*** Opening of Material for this exercise ***
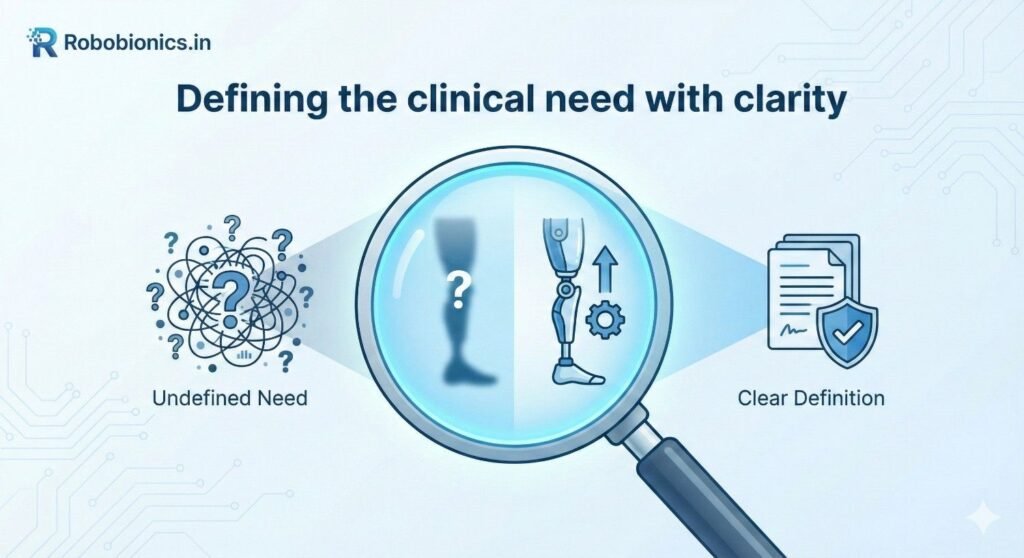 Start by grounding your case in patients the hospital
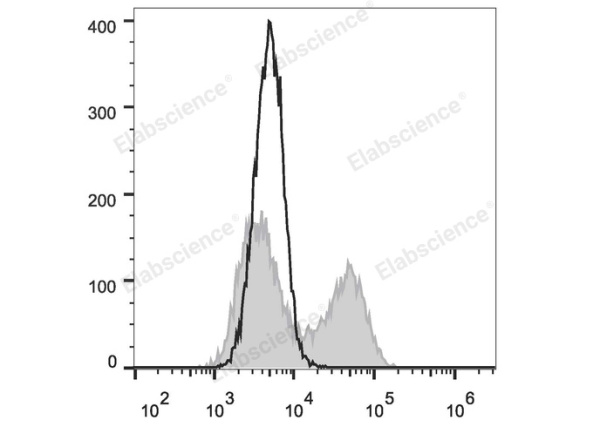 PE Anti-Human IL-21 Antibody[3A3-N2] (E-AB-F1202D)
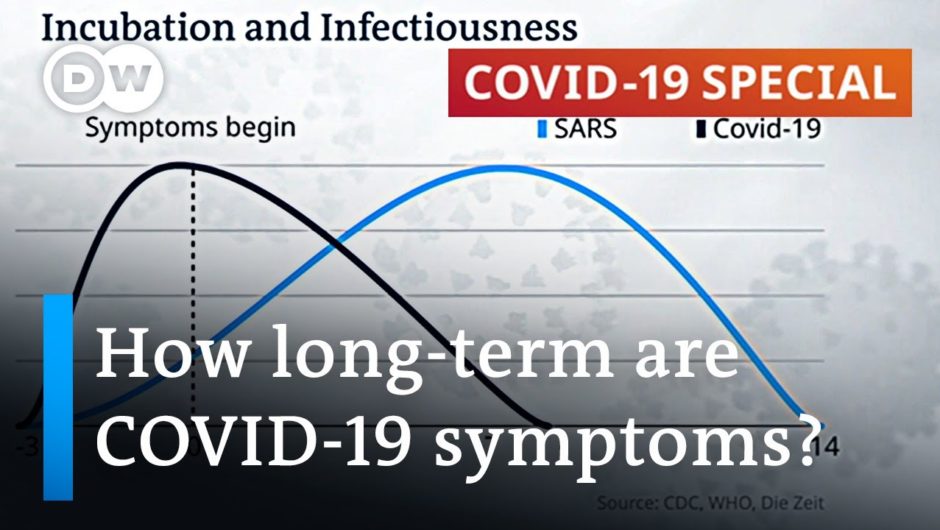 Coronavirus: How well do patients recover from it? | COVID-19 Special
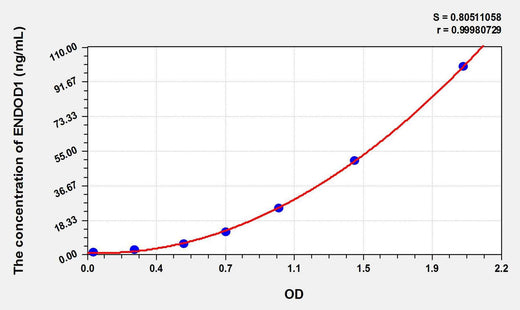 Human ENDOD1(Endonuclease Domain Containing Protein 1) ELISA Kit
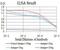 Autophagy Related 2A antibody, NBP2-61690, Novus Biologicals, Enzyme Linked Immunosorbent Assay image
*** Close of Material for this exercise ***
» What to work on: Pictures stay out; reproduce exactly the lines from the one containing "Coronavirus: How well" through the end of the data.

» Solution for this problem:
 Coronavirus: How well do patients recover from it? | COVID-19 Special
 Human ENDOD1(Endonuclease Domain Containing Protein 1) ELISA Kit
 Autophagy Related 2A antibody, NBP2-61690, Novus Biologicals, Enzyme Linked Immunosorbent Assay image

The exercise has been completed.